Die beiden spielten vor einer gut gefüllten Großen Aula eine Benefizvorstellung, deren Erlös (nach Abzug aller Fix- und Unkosten) der Schule für Schülerprojekte zugute kommen wird. Für den Kontakt waren Mittelstufenschüler verantwortlich, denen es gelungen war, das Lokalkabarett-Pärchen für diese Form des indirekten Schulsponsorings zu gewinnen. Eine tolle Aktion von Seiten aller Beteiligten!
„Heimatkunde“ läuft seit Dezember und hat schon für beste Kritiken gesorgt. Doch ist das Gymnasium bei St. Stephan für „Herrn Braun“ Roland Krabbe auch eine Art Heimspiel: Er hat vor unzähligen Jahren an St. Stephan Abitur gemacht und schleppt neben vielen lustigen Erinnerungen auch noch manches Schultrauma mit sich herum, das er humorig einfließen ließ. Vom Schulsekretariat bis zum Bockspringen als widernatürlichste Sportanforderung waren da immer Seitenhiebe auf die Schule (im Allgemeinen wie im Konkreten) zu erwarten.
Der erste Teil des Abends brachte neben „Heimatkunde“ (Was ist die häufigste Grabbeigabe eines waschechten Bärenkeller-Mannes? Wie wird aus dem Sudelwirt im Gewerbegebiet das Sudel-Spa, wo Zitronencarpaccio gereicht wird?) auch Reflexionen zum Thema „Altern“. Mit den Formeln „Früher war alles – auch ich und mein Körper – noch besser!“ und „So geht’s dahin!“ lässt sich das Gebotene rasch zusammenfassen.
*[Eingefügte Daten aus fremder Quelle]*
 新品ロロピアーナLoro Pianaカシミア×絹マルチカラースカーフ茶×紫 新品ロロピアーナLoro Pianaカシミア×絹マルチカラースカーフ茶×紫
Am Besten sind die „Brauns“ einfach, wenn sie in Augschburg und Umgebung sind: Die Tatortszene namens „Todesnachricht“ in Norddeutschland und dann gleich dasselbe in Kriegshaber. Urkomische Gefühlsdefizite! Oder Herr Braun beim Friseur, wo sich ein Rasierschaumhäubchen zum Gipfel der Szene entwickelt. Oder Gabriele Koch in der Paraderolle als Frau Beitelrock bei der Partner-Agentur, wo sie einen Imagefilm für sich selbst drehen soll, um so unauthentisch wie möglich rüberzukommen.
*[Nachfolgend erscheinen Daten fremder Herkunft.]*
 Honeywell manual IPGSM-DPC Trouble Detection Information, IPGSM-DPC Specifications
Auch „suprr“ sind die Wortspiele: Urlaub in Ägypten, um endlich mal die „Pyranäen“ zu sehen. Oder das schier unglaubliche Berufsbild „Florischterin“. Oder eben die augsburgerisch unterkühlte Bejahungsformel „Läuft!“, die ohne gespreizte Finger nicht mehr daherkommen darf.
Im Tiefsten hat dieses Programm aber auch eine Menschenkenntnis und Weltdeutung, die berührt. Vom Flirten im Smartphone-Modus über den Tanzkurs bis zur Paartherapie beim Nuschel-Psychologen oder dem Psychogramm der selbstblinden Helikoptermutter: Hier blitzt immer wieder das Lachen unter Tränen durch.
Mein persönliches Highlight: Eine Talkshow zum Thema „Spiritualität“, in der die geladenen Gäste (ein Priester, ein Yogi, ein Esoterik-Versandhändler und ein CSU-Politiker) so treffsicher charakterisiert werden, dass man staunend feststellt, wie kompakt diese wenigen Minuten alle relevanten Fragen unserer Zeit im Hochdruckformat enthalten.
Ein schöner und für St. Stephan ungewöhnlicher Abend, für den alle, die ihn erleben konnten, ein herzliches Dankeschön sagen!